The SEC has recently enacted rules that make it tougher for shareholders to submit ballot proposals.  As we previously blogged about, the rules now approved by the SEC by a 3-2 vote:  (1) increase the monetary amounts and length of investment required to submit shareholder proposals and (2) raise the threshold of shareholder support required to resubmit proposals previously voted down by shareholders.

In supporting the revised standards, SEC Commissioner Hester M. Peirce stated the changes “help to ensure that the shareholder-proponent’s interests are aligned with those of her fellow shareholders.”  However, opponents argue the new rules silence small investors with the monetary thresholds.

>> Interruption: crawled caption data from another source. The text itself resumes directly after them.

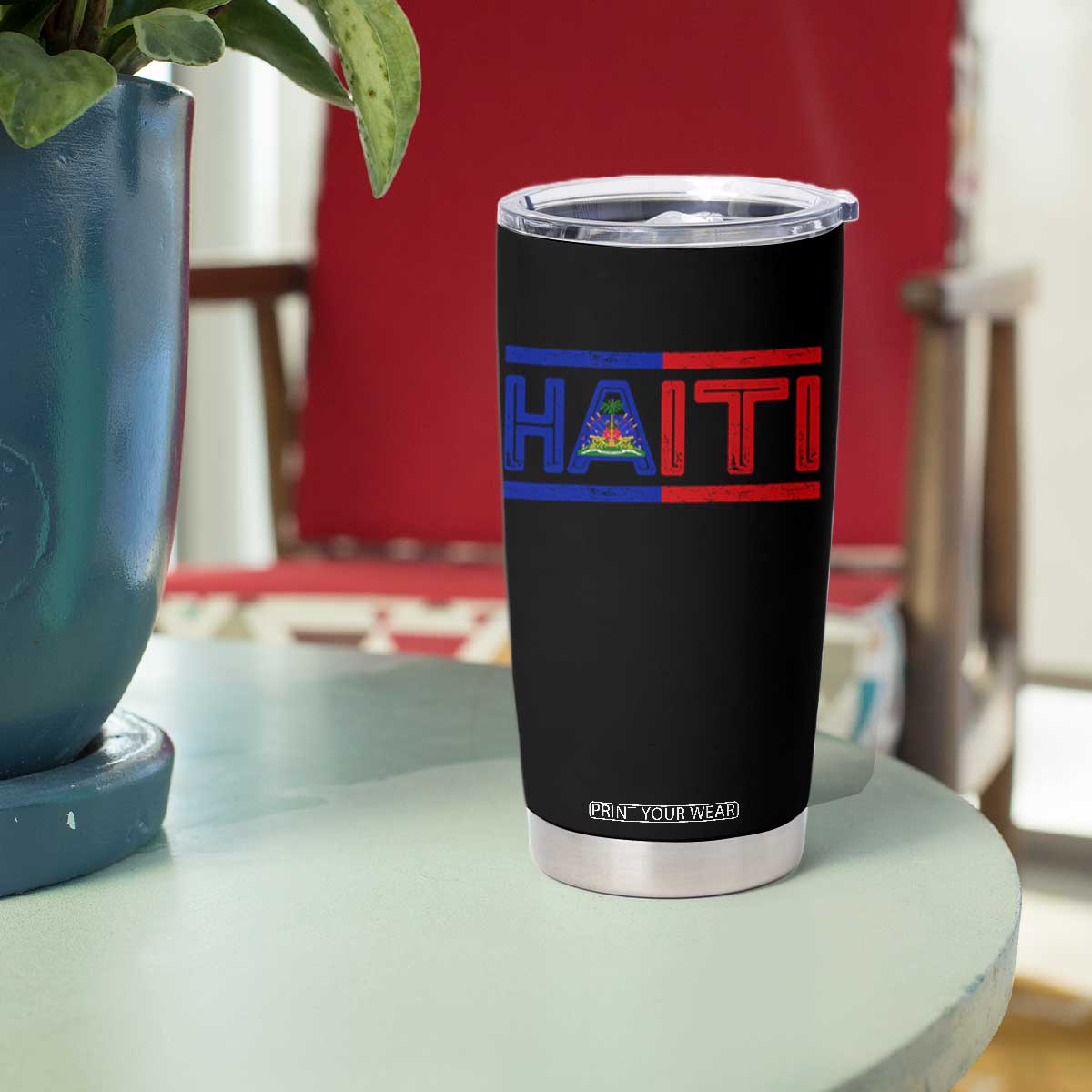 Haiti Flag Tumbler Cup Vintage Haitian Pride Ayiti Roots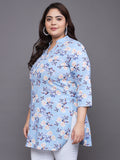 Women Plus Size Sky Blue Floral Printed Pure Cotton Kurti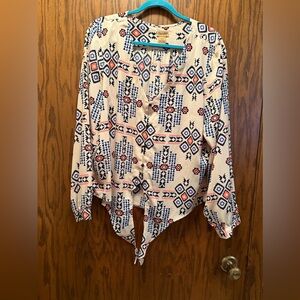 Wrangler Beige and Teal Tribal Print Blouse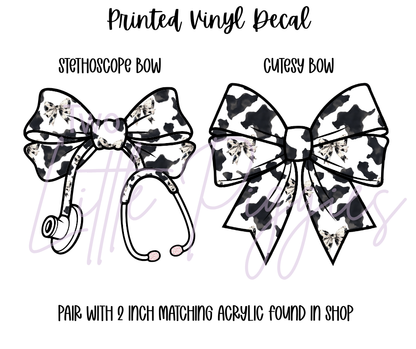 Printed Vinyl - Cow Print and Bows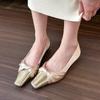 French Style Flat Heel Silk Slip-On Women's Shoes Spring 2025 New Color Block Elegant Gentle Square Head Casual Loafers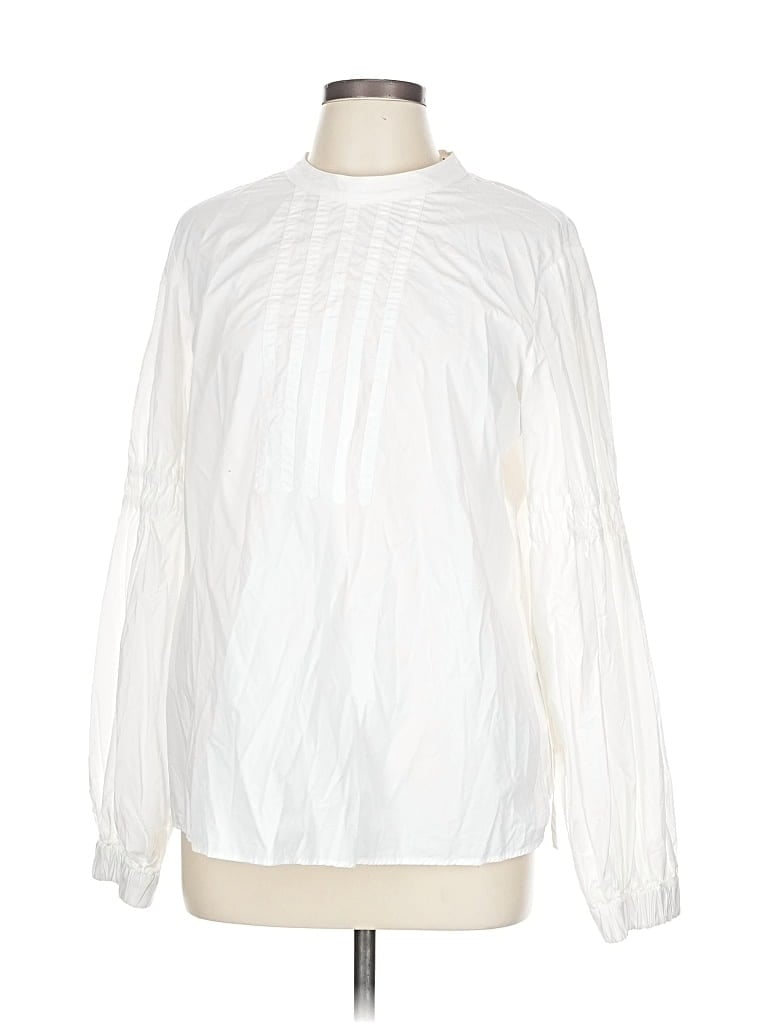 Pre-owned Assorted Brands Long Sleeve Blouse In White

For larger investors, the more interesting (or perhaps, concerning) aspect is the change to resubmission thresholds – which now require that a proposal have received at least 5%, 15%, or 25% support, if voted on once, twice, or three times, respectively, in the past five years, or else the proposal will be barred from reconsideration for three years.  25% support is a significant increase from the prior threshold of 10%, as are the other thresholds, going from 3% to 5% and 6% to 15%, respectively.  This change may be relevant to activists as they build positions in companies and consider shareholder proposals.

We will continue to cover updates to shareholder proposals, as they are one of the important tools available to minority investors who seek to enforce corporate governance.